Exercise goal:
Because only the text is wanted, repeat the records below exactly and omit the pictures.

Items from a data source:
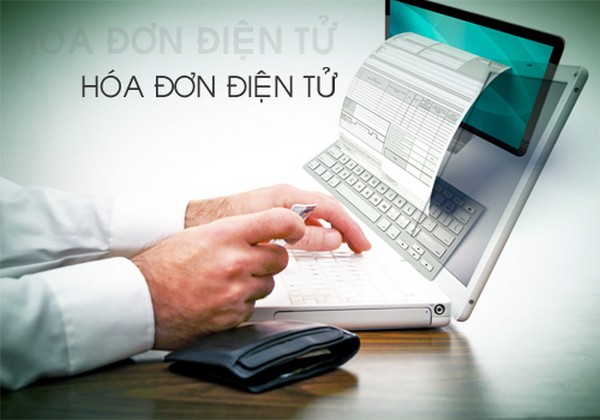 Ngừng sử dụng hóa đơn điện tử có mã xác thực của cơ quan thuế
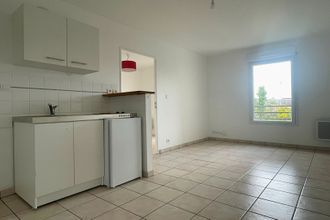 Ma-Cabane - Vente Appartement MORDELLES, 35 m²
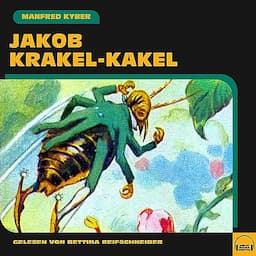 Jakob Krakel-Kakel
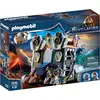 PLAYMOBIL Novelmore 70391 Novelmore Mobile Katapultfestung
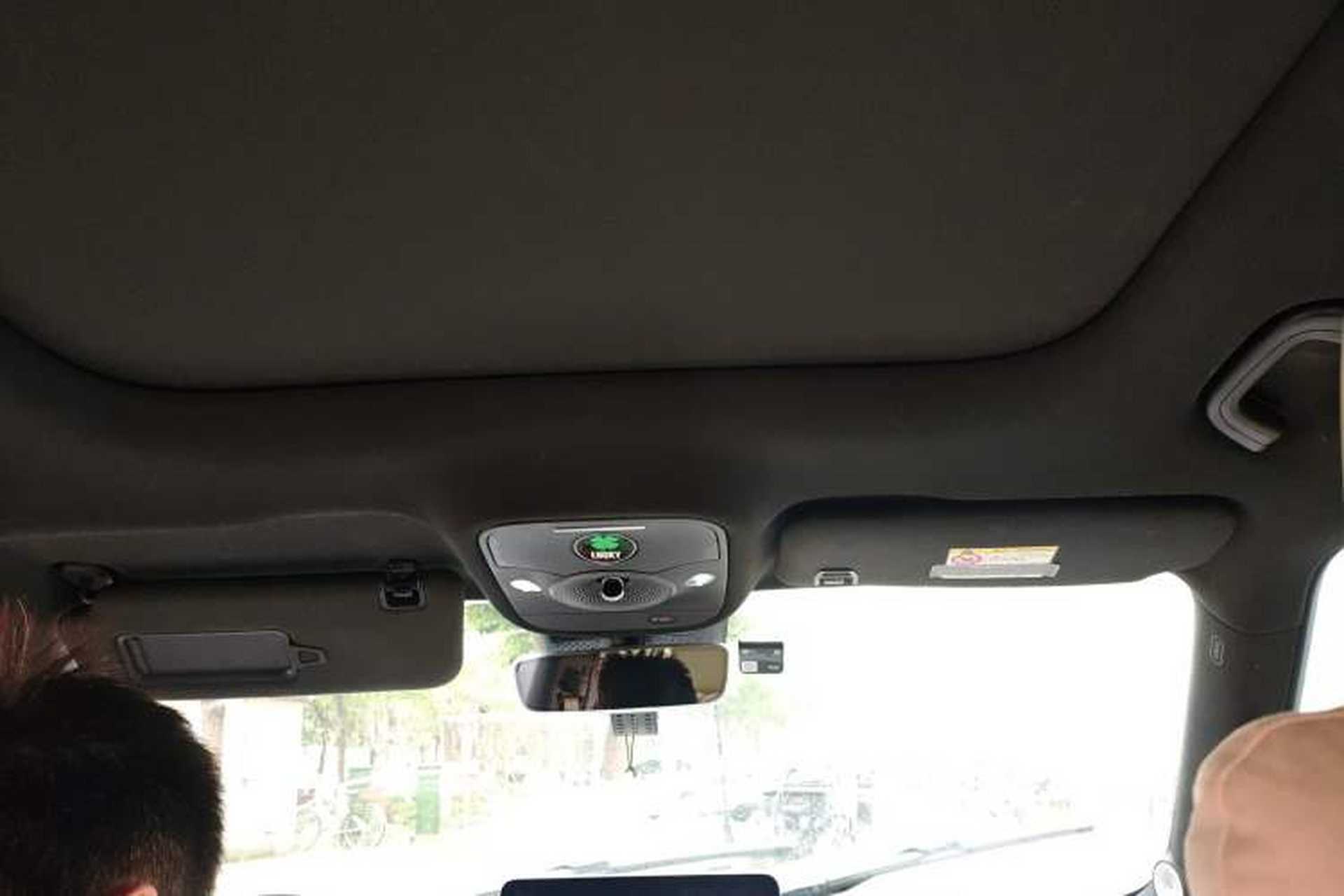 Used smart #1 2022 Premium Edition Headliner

Your solution:
 Ngừng sử dụng hóa đơn điện tử có mã xác thực của cơ quan thuế
 Ma-Cabane - Vente Appartement MORDELLES, 35 m²
 Jakob Krakel-Kakel
 PLAYMOBIL Novelmore 70391 Novelmore Mobile Katapultfestung
 Used smart #1 2022 Premium Edition Headliner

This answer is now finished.